After their split, Aron showed up one day on Kivel’s front doorstep holding a pile of dirty laundry. He was headed back to Brooklyn, he said, but first needed to wash some clothes. He stayed for a few hours, then he was off again in his beat-up Honda Accord, bound toward his old life.
The footage from Tri State Fleet had given Yaakov German his first look at Leiby’s abductor. But without a plate number for the gold Honda, he was stuck. He phoned a man named Jack Meyer, a liaison between the NYPD and the Borough Park community. Less than ten minutes later, a small army of cops flooded into the offices of Tri State Fleet, led by Deputy Inspector John Sprague and Chief Joseph Fox, then the commander of Brooklyn South. (Fox has since been promoted to chief of transit.) “I have a bad feeling about this,” Bernstein, the Tri State manager, remembers Fox saying.
A forensics team was summoned. As NYPD analysts began sifting through the footage in their mobile lab, senior officers streamed in and out of Tri State. A stack of pizzas was ordered from a nearby kosher restaurant. The mood, one observer recalls, was one of “profound despair.” The tape was by now more than 24 hours old.

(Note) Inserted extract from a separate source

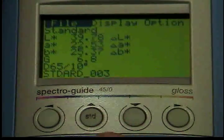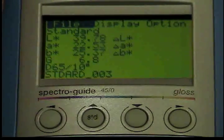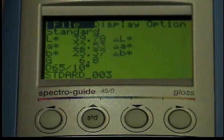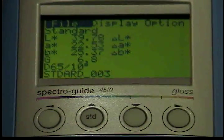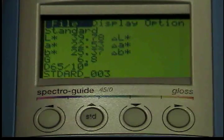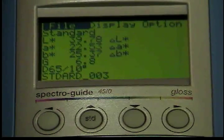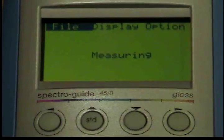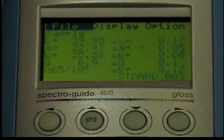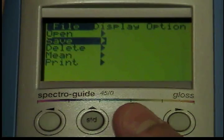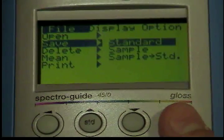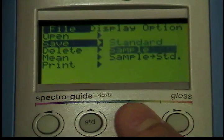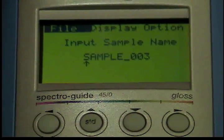If you started the measurement with the up button, you can store it as a standard with the save standard function. If you started the measurement with the operate button, you can store it as a new sample with the save sample function. You can also save the sample as a new standard by using the save sample as standard function.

At around 11 p.m., Heshy Herbst, who had departed to finish a job, returned to the office and sat down to examine the footage. Herbst has worked in the surveillance business for close to twenty years, and almost immediately his trained eye settled on a flicker of movement. “Look!” he shouted. “The dentist’s office! He goes to the dentist’s office!”

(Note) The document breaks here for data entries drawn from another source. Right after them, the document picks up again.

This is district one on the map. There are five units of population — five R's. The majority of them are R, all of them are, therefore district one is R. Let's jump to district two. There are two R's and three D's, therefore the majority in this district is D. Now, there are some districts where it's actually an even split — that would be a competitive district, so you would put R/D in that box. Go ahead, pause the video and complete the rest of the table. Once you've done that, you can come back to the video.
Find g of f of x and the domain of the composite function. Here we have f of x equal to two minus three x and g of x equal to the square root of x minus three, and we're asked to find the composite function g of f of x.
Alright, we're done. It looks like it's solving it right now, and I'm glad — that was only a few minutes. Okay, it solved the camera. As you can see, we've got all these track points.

The police crowded around to look. Herbst was right: During the seven long minutes that Leiby had stood waiting, the man in the newsboy cap had apparently entered a split-level occupied by a local dentist, Yehuda Sorscher.

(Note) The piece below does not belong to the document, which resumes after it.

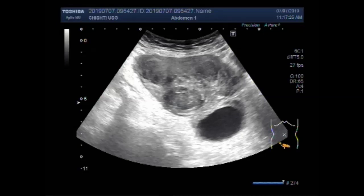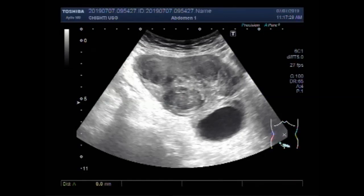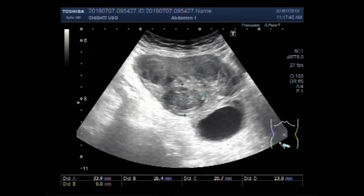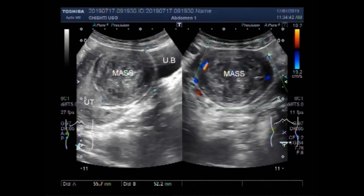You can see the measurement of these masses. This mass measures about 3.4 cm by 2.6 cm, and this mass measures about 2.1 cm by 2.3 cm. This mass in the distal portion of the uterus measures about 2.8 cm by 2.5 cm. You can see that nearly the whole of the uterus is involved.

By then, not only was the office crowded but so was the lot outside—the police had set up floodlights on Eighteenth Avenue and cordoned off 44th Street. A crowd of black hats, some 2,000 strong by one count, packed in beyond the police line, roiling like a storm bank. Among them was Simcha Eichenstein, a well-known Hasidic political operative. Eichenstein’s wife, Herbst knew, worked for Sorscher as a receptionist. Elbowing Bernstein out of the way, Herbst uploaded a clip of the bearded man and sent it to Eichenstein. Eichenstein sent it to his wife, at home with her small children.
“Of course,” she told her husband. She couldn’t remember the man’s name, but she was sure she had seen him. “He came in to pay a bill. He was the last one in the office.”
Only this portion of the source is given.